Every once in a while, when debugging an SSSD performance problem for a user or a customer, I see that even experienced users tend to measure login performance by running id(1). That’s not really the best thing to do, for one reason – running the plain id command does much more than what happens during login, and of course, at a cost.
Typically, the login program such as ssh or gdm, needs to perform a couple of tasks aside verifying the user’s credentials. These include finding out if the user exists, what shell and home directory does he have and what groups the user is a member of, so that the user can access the files he should be allowed to (and vice versa). These tasks boil down to two corresponding glibc calls – getpwnam to find the details about the user, and getgrouplist to retrieve the list of groups he is a member of.

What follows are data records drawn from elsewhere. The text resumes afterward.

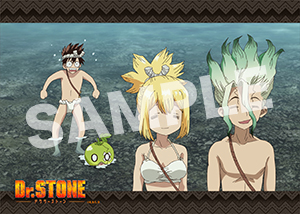 Dr Stone 第8話09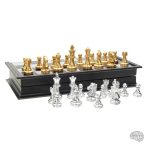 Accessoire de jeu d'échecs au design créatif
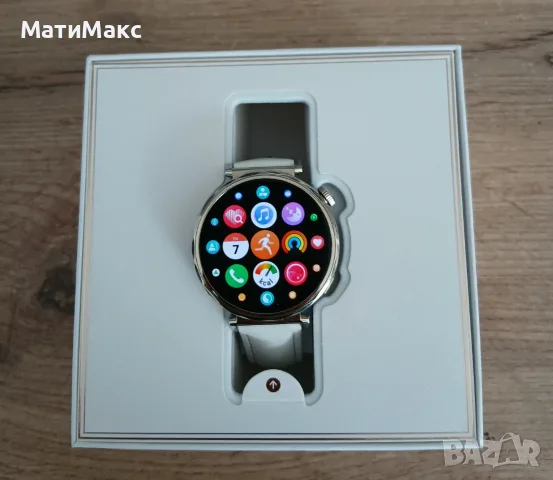 Huawei Watch GT 5 Гаранция, снимка 2 - Смарт часовници - 55985700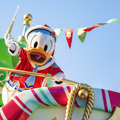 東京ディズニーランドで公演中のパレード「ディズニー・クリスマス・ストーリーズ」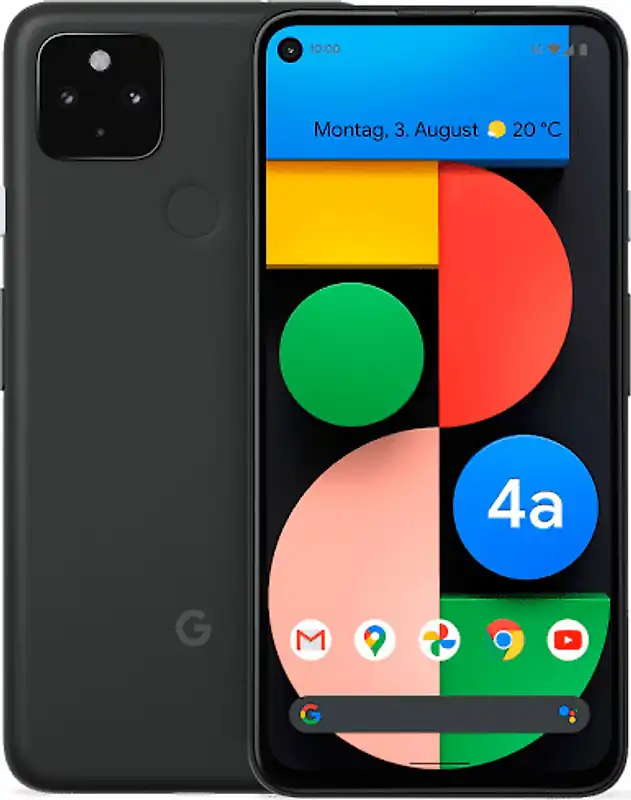 Pixel 4a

Because these two library functions are used so often, we take special care in the SSSD to make sure that we use any optimization that is available, such as the transitive memberOf attribute when IPA is used or the tokenGroup attribute when the AD provider is configured. In order to measure what the performance of Name Service Switch calls the login program does is like, you can call "id -G $username" from the command line.

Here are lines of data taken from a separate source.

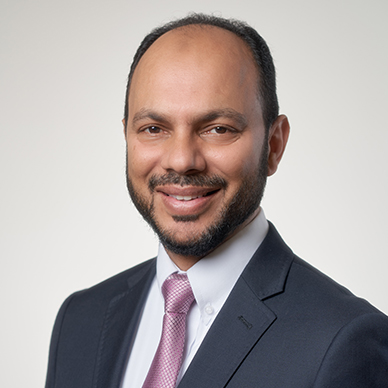 Professor Ahmed Shaikh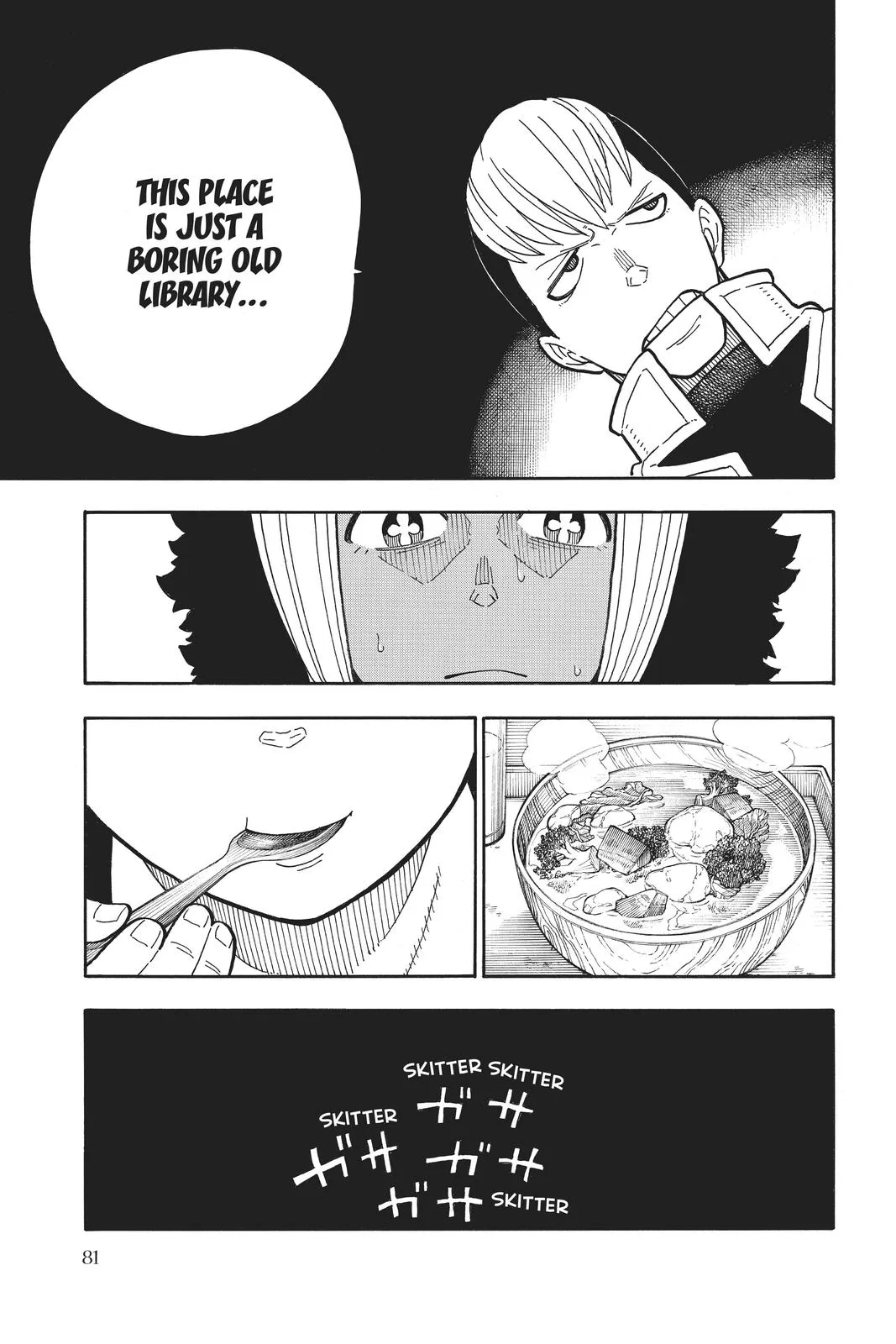 Fire Force - Chapter 199 - Page 15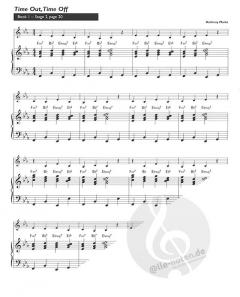 The Boosey Woodwind Method for Alto Saxophone Vol. 1+2 von Chris Morgan 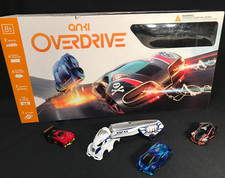 Anki overdrive race for sale  Fort Wayne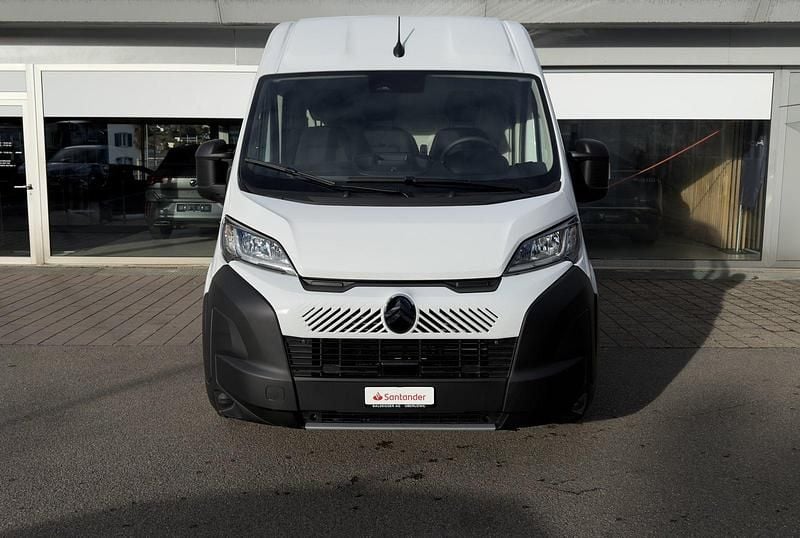 Neu Citroën Jumper 140 PS (102 kW) 2026 Van / Kleinbus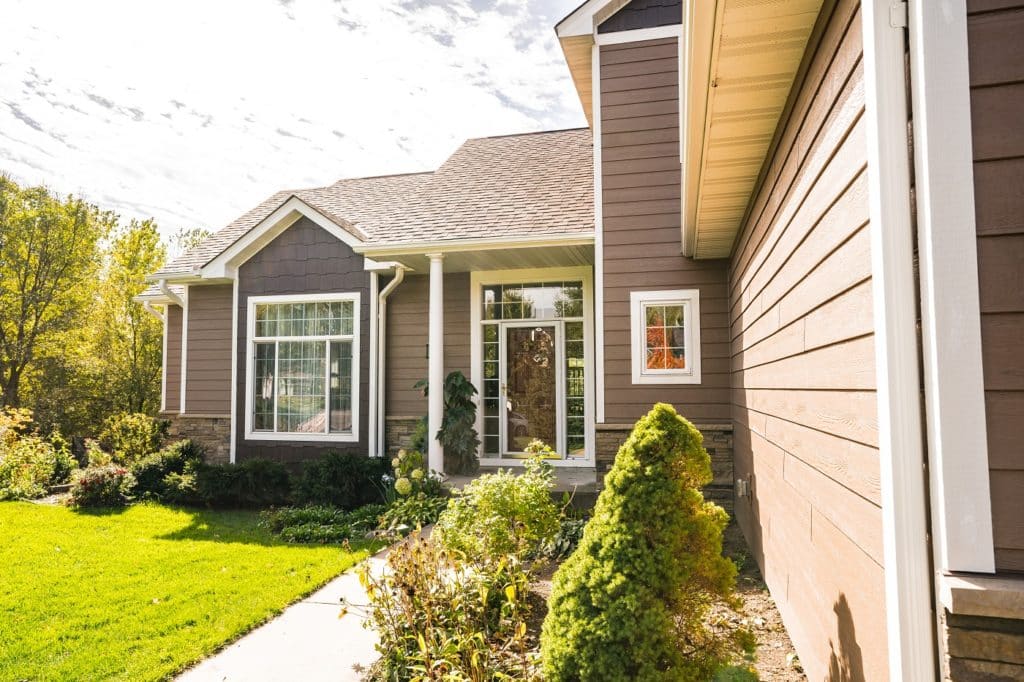 LP Siding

Notice the extra "-G" switch. That really makes a bit of a difference, because the getgrouplist operation returns a list of numerical IDs the user is a member of. That’s usually good enough for the login programs to set the groups for the user who logs in but not really friendly for the admin inspecting the output of the id command.

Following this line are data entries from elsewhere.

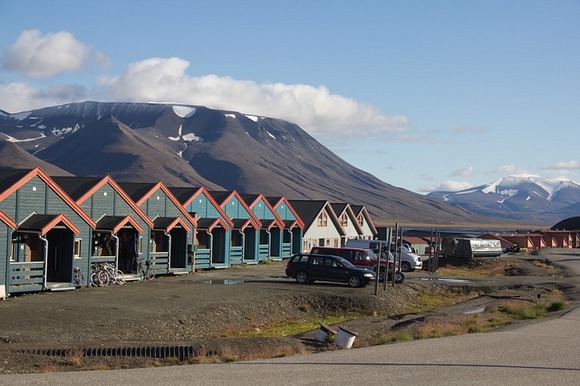 Longyearbyen je najseverniji grad na svetu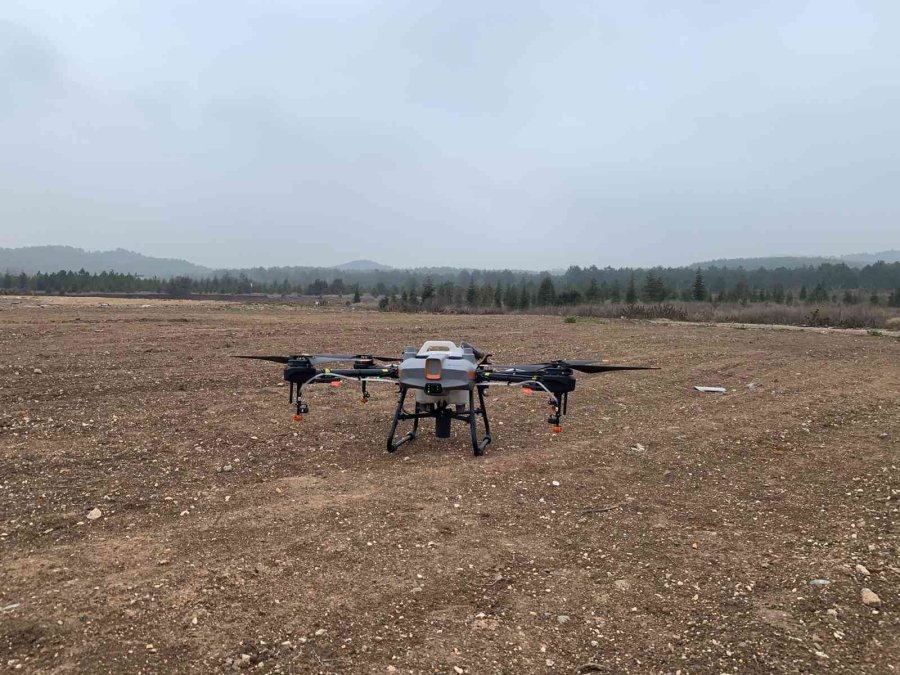 Çiftçileri ‘pilot’ Yapan Eğitim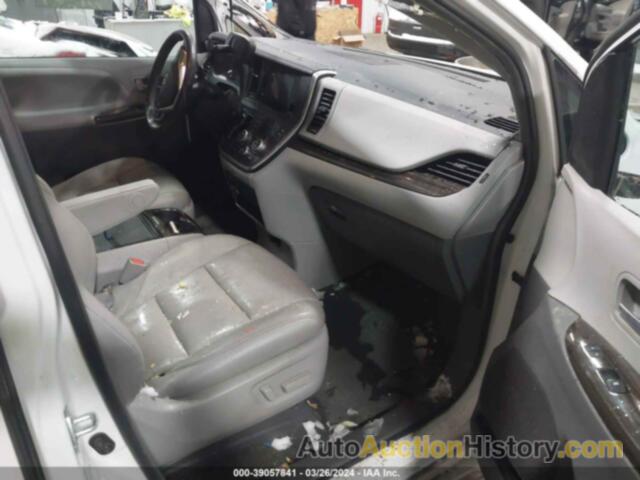 TOYOTA SIENNA XLE PREMIUM 7 PASSENGER, 5TDDZ3DC9HS158763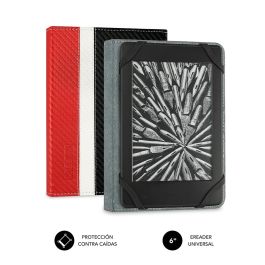 SUBBLIM Funda Ebook 6" Rojo Precio: 12.50000059. SKU: B1D9EX6WF7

In contrast to "id -G $username", "id $username" does one operation that sounds trivial but can be extremely expensive – resolves the group GIDs to group names. While that sounds like a really easy operation, it involves calling getgrgid for each of the GIDs returned by getgroupslist. And there comes the slowdown, the getgrgid operation is kind of an all-or-nothing call. It retrieves not only the information about the group itself, such as its name, but also all information about the members of the group, including all the users. This can get quite expensive, consider a university setup where each student was a member of group “students” that consisted of all students on the university.
A legitimate question might be whether its possible to restrict the amount of information the get-by-GID call retrieves. And the answer is both yes and no – the POSIX interface doesn’t allow any such query directly, but the SSSD offers several means to speed up the overall processing. One quite recent addition is the ignore_group_members configuration option that was contributed by Paul Henson. Setting this option to True causes all groups to effectively appear empty, avoiding the need to download the members. Keep in mind that with many server implementations, the members might also include other nested groups which causes the whole operation to recurse.